[](#pygmalion-13b-4bit-128g)pygmalion-13b-4bit-128g
===================================================

[](#model-description)Model description
---------------------------------------

**Warning: THIS model is NOT suitable for use by minors. The model will output X-rated content.**

Quantized from the decoded pygmalion-13b xor format. **[https://huggingface.co/PygmalionAI/pygmalion-13b](https://huggingface.co/PygmalionAI/pygmalion-13b)**

In safetensor format.

### [](#quantization-information)Quantization Information

GPTQ CUDA quantized with: [https://github.com/0cc4m/GPTQ-for-LLaMa](https://github.com/0cc4m/GPTQ-for-LLaMa)

    python llama.py --wbits 4 models/pygmalion-13b c4 --true-sequential --groupsize 128 --save_safetensors models/pygmalion-13b/4bit-128g.safetensors

## Model overview

The `pygmalion-13b-4bit-128g` model is a quantized version of the pre-trained [Pygmalion-13B](https://huggingface.co/PygmalionAI/pygmalion-13b) language model.

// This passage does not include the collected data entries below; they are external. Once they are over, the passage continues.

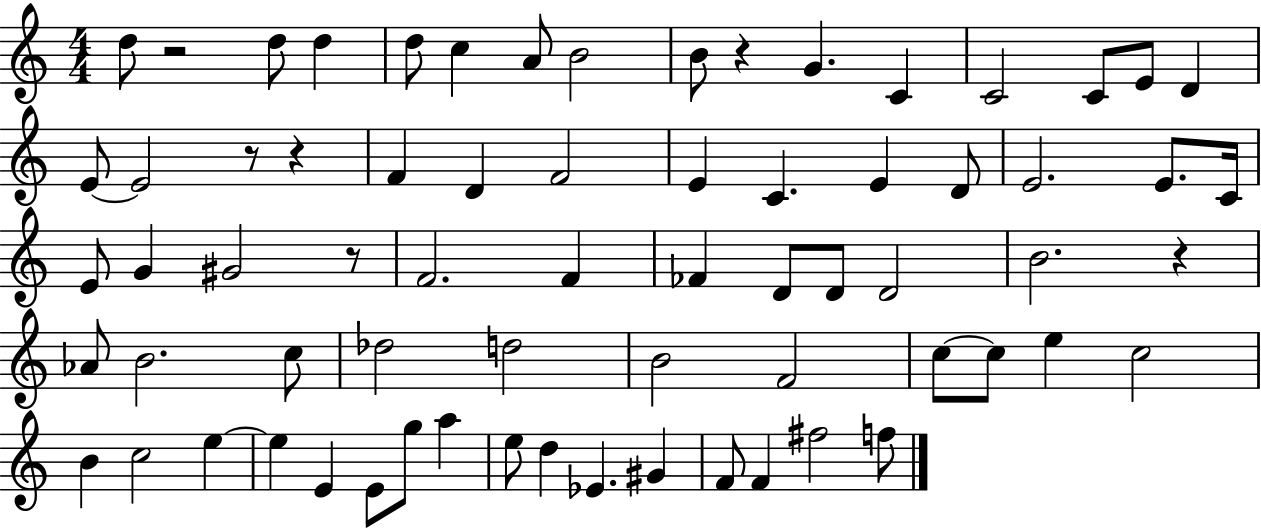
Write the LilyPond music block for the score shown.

{
  \clef treble
  \numericTimeSignature
  \time 4/4
  \key c \major
  \repeat volta 2 { d''8 r2 d''8 d''4 | d''8 c''4 a'8 b'2 | b'8 r4 g'4. c'4 | c'2 c'8 e'8 d'4 | \break e'8~~ e'2 r8 r4 | f'4 d'4 f'2 | e'4 c'4. e'4 d'8 | e'2. e'8. c'16 | \break e'8 g'4 gis'2 r8 | f'2. f'4 | fes'4 d'8 d'8 d'2 | b'2. r4 | \break aes'8 b'2. c''8 | des''2 d''2 | b'2 f'2 | c''8~~ c''8 e''4 c''2 | \break b'4 c''2 e''4~~ | e''4 e'4 e'8 g''8 a''4 | e''8 d''4 ees'4. gis'4 | f'8 f'4 fis''2 f''8 | \break } \bar "|."
}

It has been quantized to 4-bit precision using the GPTQ method with a group size of 128, reducing the model size while preserving much of the original model's performance. This model is well-suited for GPU inference due to its small size and fast inference speed.

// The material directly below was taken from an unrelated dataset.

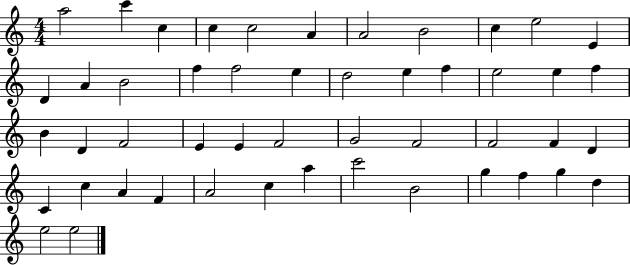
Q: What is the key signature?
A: C major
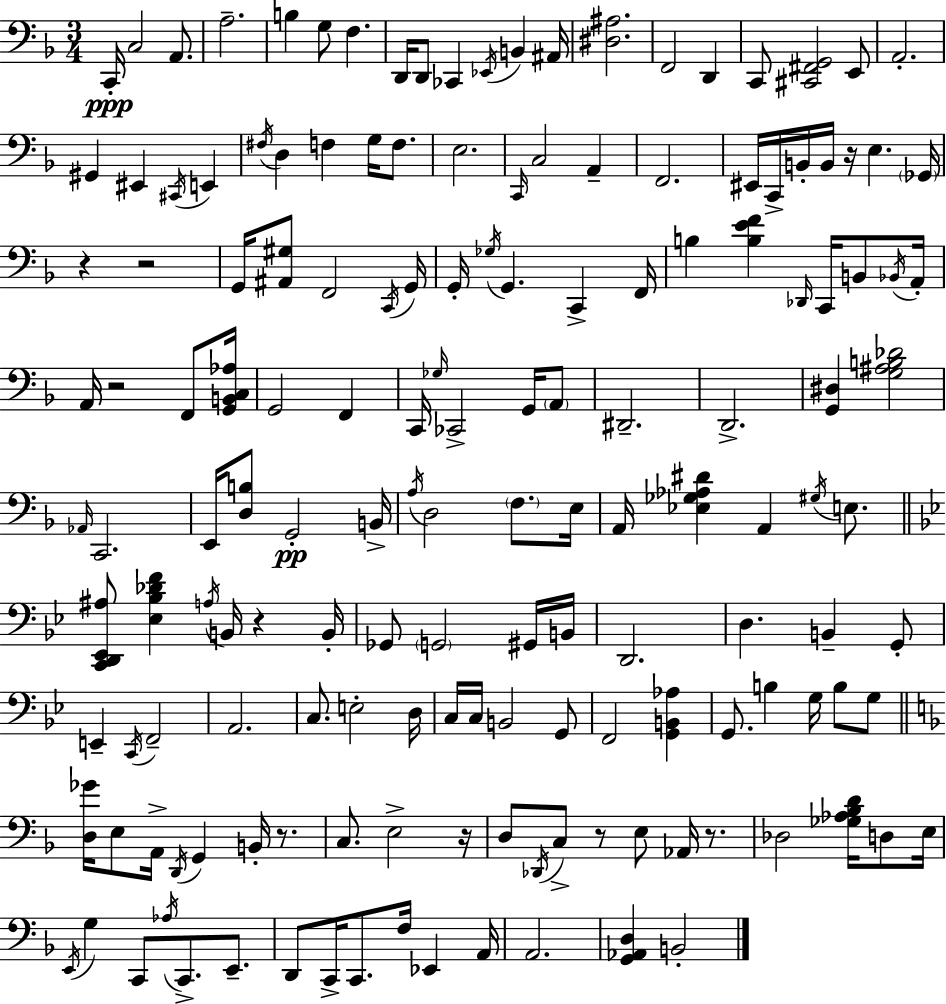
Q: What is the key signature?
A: F major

The `pygmalion-13b-4bit-128g` model is similar to other quantized language models like [alpaca-30b-lora-int4](https://aimodels.fyi/models/huggingFace/alpaca-30b-lora-int4-elinas) and the [stable-vicuna-13B-GPTQ](https://aimodels.fyi/models/huggingFace/stable-vicuna-13b-gptq-thebloke) model, which also leverage quantization techniques to reduce model size.

## Model inputs and outputs

### Inputs
- **Text prompts**: The model accepts text prompts as input, which can be used to guide the model's language generation.

### Outputs
- **Generated text**: The model outputs generated text, which can be used for a variety of natural language processing tasks such as text generation, summarization, and question answering.

## Capabilities

The `pygmalion-13b-4bit-128g` model is a powerful text generation model that can be used for a variety of tasks, such as writing creative stories, generating responses to prompts, and engaging in open-ended conversations. It has been trained on a large corpus of text data and can generate coherent, context-aware text. However, as with many language models, it may also generate biased or harmful content, and should be used with caution.

## What can I use it for?

The `pygmalion-13b-4bit-128g` model can be used for a variety of natural language processing tasks, such as:

- **Text generation**: The model can be used to generate text, such as creative stories, poems, or even news articles, based on user prompts.
- **Chatbots and conversational agents**: The model can be fine-tuned and used as the foundation for building chatbots and conversational agents that can engage in natural language interactions.
- **Question answering**: The model can be used to answer questions on a wide range of topics, by generating relevant and informative responses.

However, it's important to note that the model was not trained to be safe or harmless, and may generate biased or inappropriate content. It should be used with caution and appropriate safeguards in place.

## Things to try

One interesting thing to try with the `pygmalion-13b-4bit-128g` model is to explore its capabilities in generating coherent and context-aware text. You can try providing the model with various prompts and observe how it responds, paying attention to the model's ability to maintain a consistent tone, personality, and narrative throughout the generated text.

Another interesting avenue to explore is the model's performance on specific tasks, such as question answering or text summarization. You can design test cases and benchmarks to assess the model's strengths and limitations in these areas, and compare its performance to other similar models.